> _What to work on_
No pictures go into the copy. Write out exactly the lines below from the one containing "BMW 420 4-serie" through the one containing "Volkswagen T-Roc Design".

──────── Exercise material

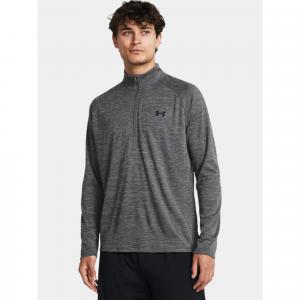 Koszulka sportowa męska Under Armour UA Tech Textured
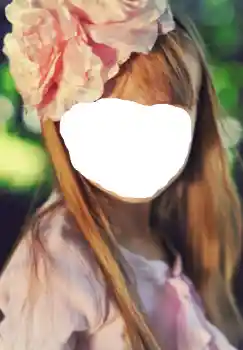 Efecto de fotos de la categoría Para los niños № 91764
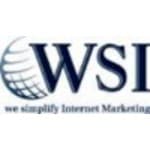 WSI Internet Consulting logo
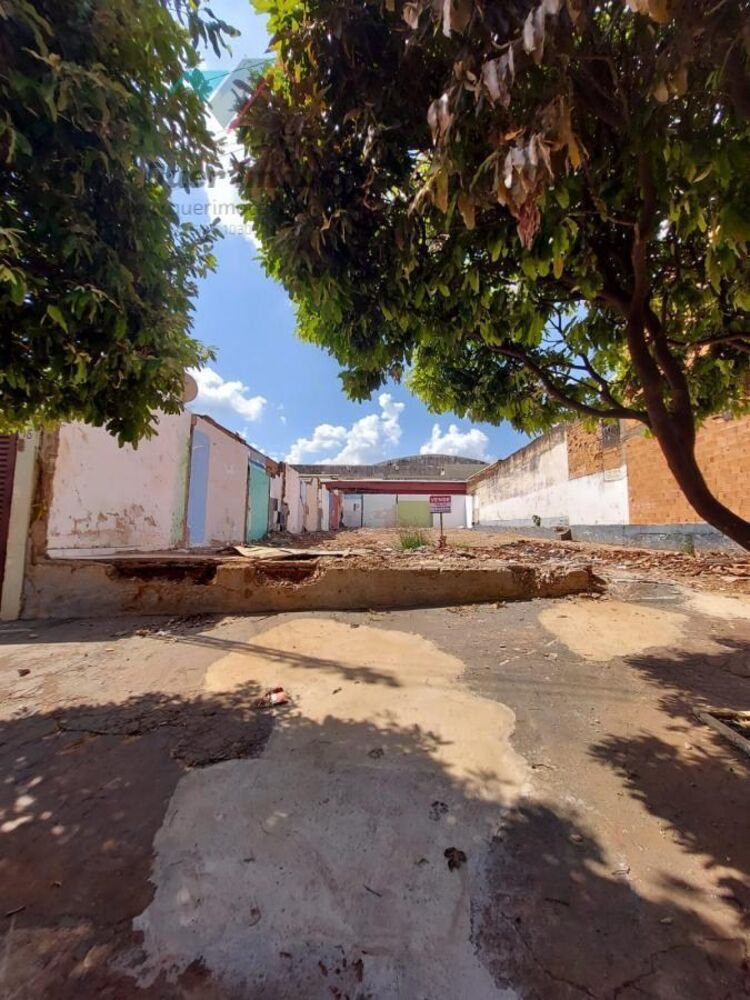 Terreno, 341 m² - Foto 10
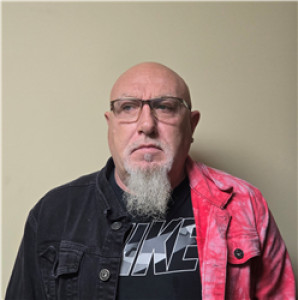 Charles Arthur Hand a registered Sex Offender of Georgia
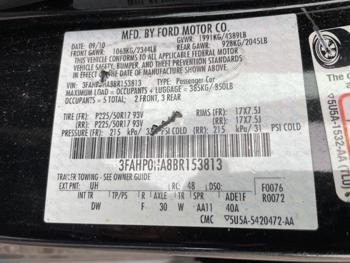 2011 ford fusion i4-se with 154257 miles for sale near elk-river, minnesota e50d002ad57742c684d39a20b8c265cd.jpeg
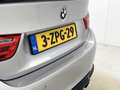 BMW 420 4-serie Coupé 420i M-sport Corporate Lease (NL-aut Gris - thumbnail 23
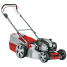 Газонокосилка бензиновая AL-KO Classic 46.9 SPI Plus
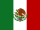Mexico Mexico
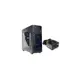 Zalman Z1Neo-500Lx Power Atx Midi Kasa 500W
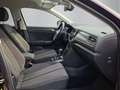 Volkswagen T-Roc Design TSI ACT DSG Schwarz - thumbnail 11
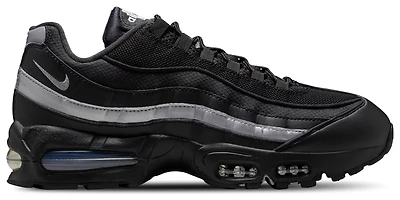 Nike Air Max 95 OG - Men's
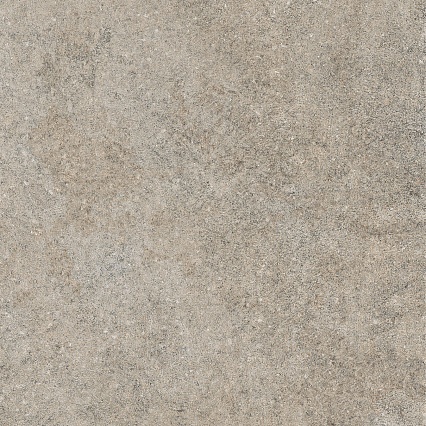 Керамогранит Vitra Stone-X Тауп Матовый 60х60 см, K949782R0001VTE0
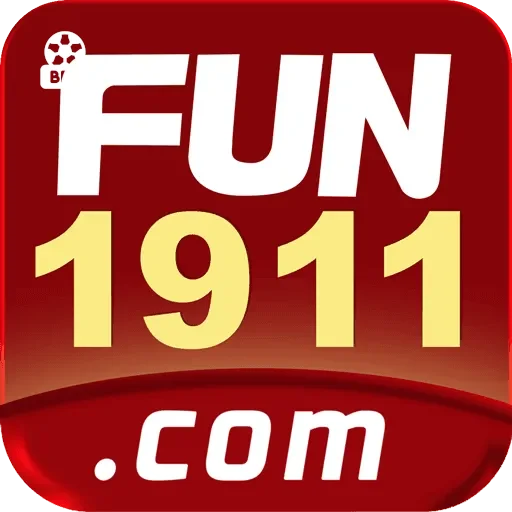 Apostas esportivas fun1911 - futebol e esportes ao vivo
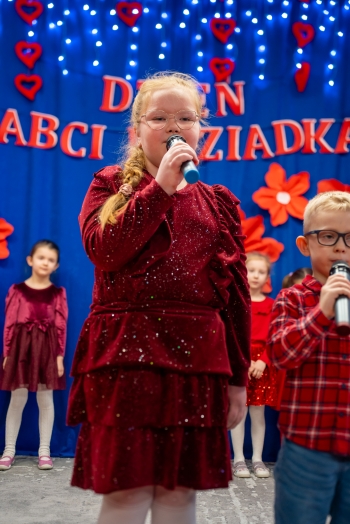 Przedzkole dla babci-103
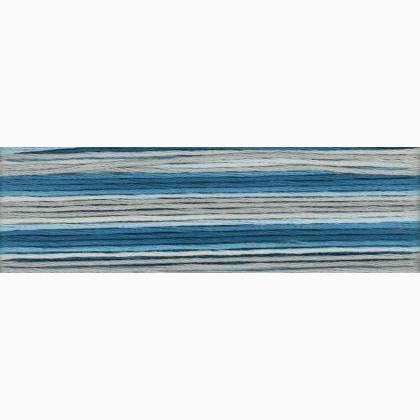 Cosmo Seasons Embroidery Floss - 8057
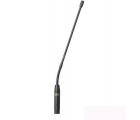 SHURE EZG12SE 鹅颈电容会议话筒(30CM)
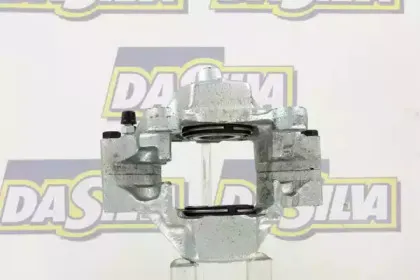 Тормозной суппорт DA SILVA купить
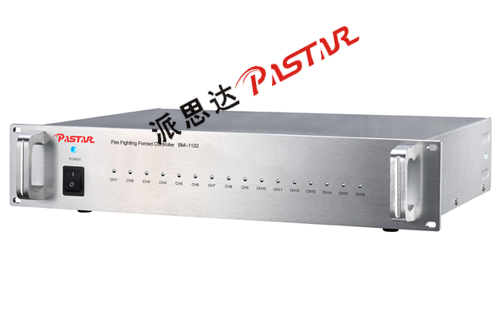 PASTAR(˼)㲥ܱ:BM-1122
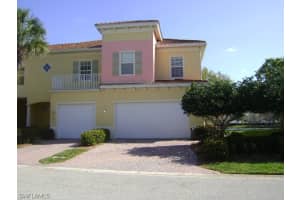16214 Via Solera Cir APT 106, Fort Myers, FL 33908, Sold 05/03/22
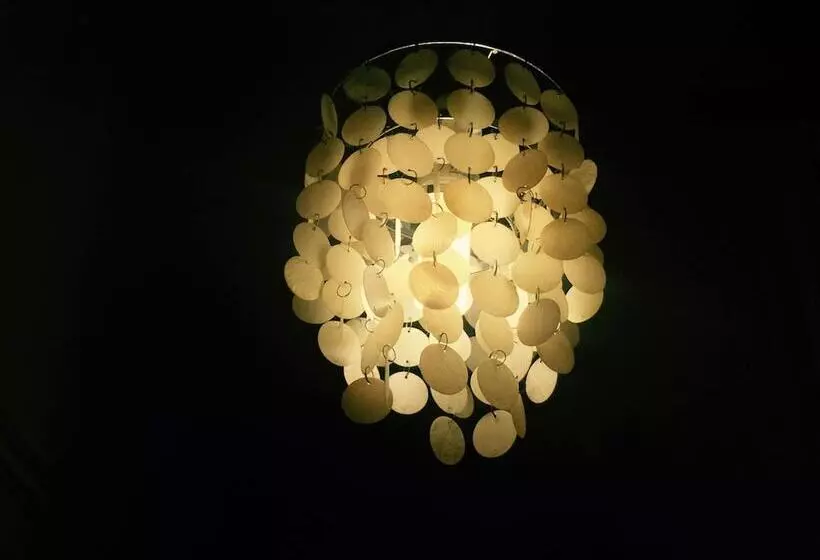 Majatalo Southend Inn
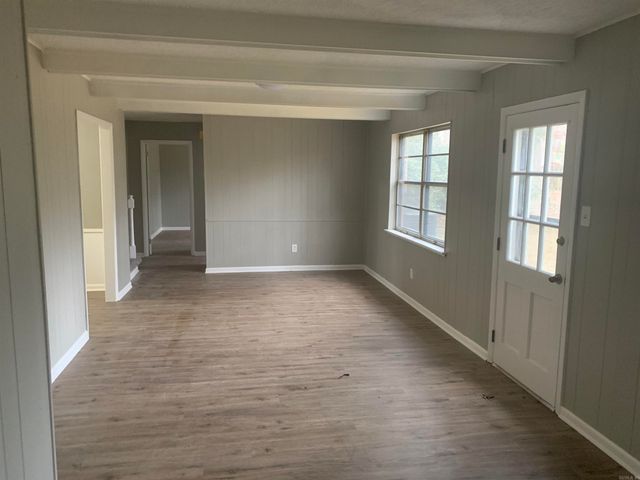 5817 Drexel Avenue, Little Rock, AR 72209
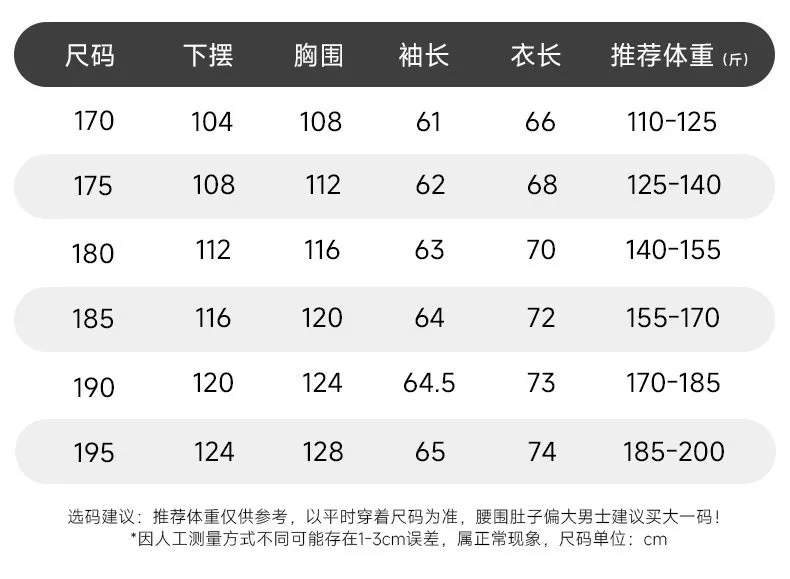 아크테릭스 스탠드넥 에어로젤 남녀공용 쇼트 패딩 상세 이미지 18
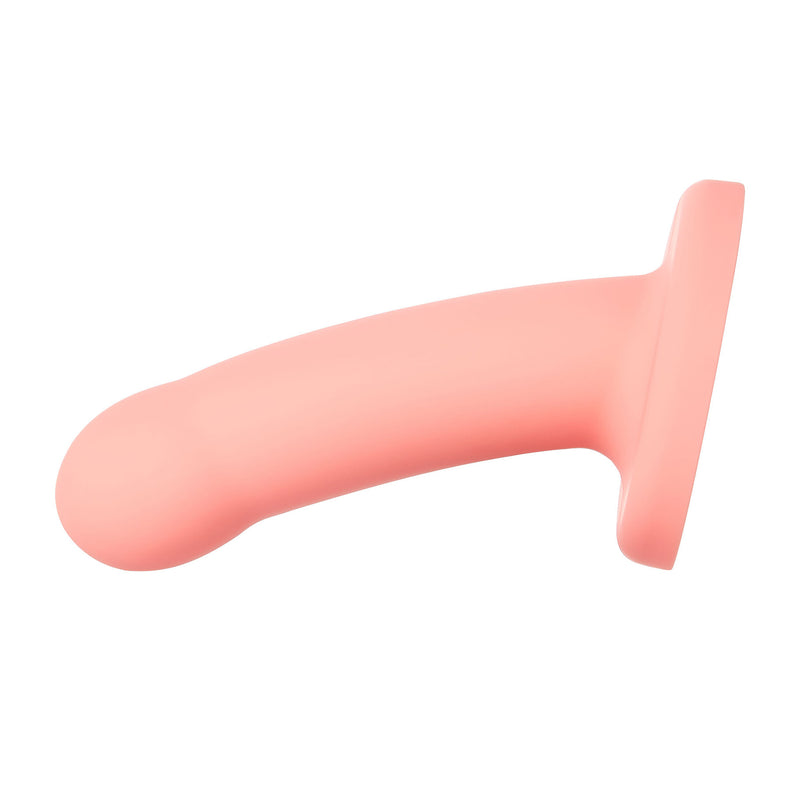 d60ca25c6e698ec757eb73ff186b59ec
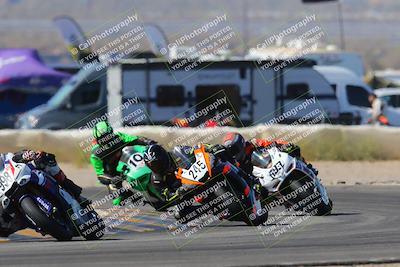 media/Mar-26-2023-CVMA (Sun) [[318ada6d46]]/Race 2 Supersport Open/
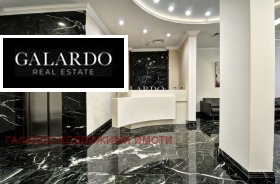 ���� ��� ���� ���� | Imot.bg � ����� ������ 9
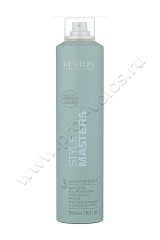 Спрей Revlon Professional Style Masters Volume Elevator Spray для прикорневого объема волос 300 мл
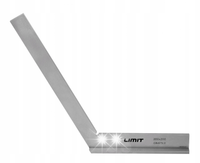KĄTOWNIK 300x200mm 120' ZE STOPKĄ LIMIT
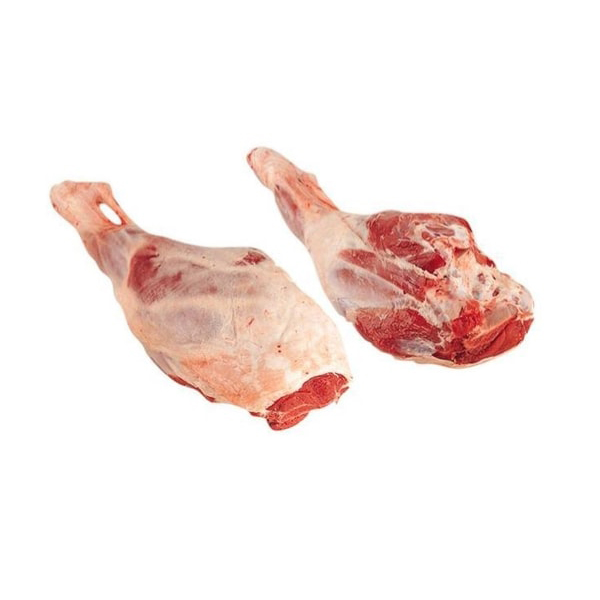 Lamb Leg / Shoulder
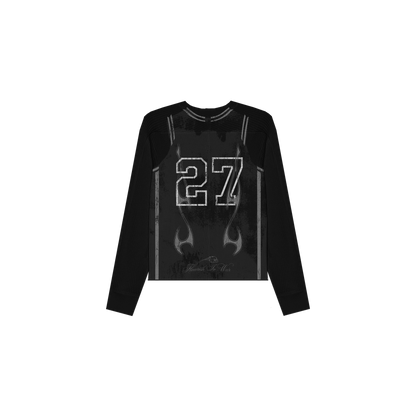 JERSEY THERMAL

────────────────

> _Output for this task_
 BMW 420 4-serie Coupé 420i M-sport Corporate Lease (NL-aut Gris - thumbnail 23
 Газонокосилка бензиновая AL-KO Classic 46.9 SPI Plus
Mexico Mexico
 Zalman Z1Neo-500Lx Power Atx Midi Kasa 500W
 Volkswagen T-Roc Design TSI ACT DSG Schwarz - thumbnail 11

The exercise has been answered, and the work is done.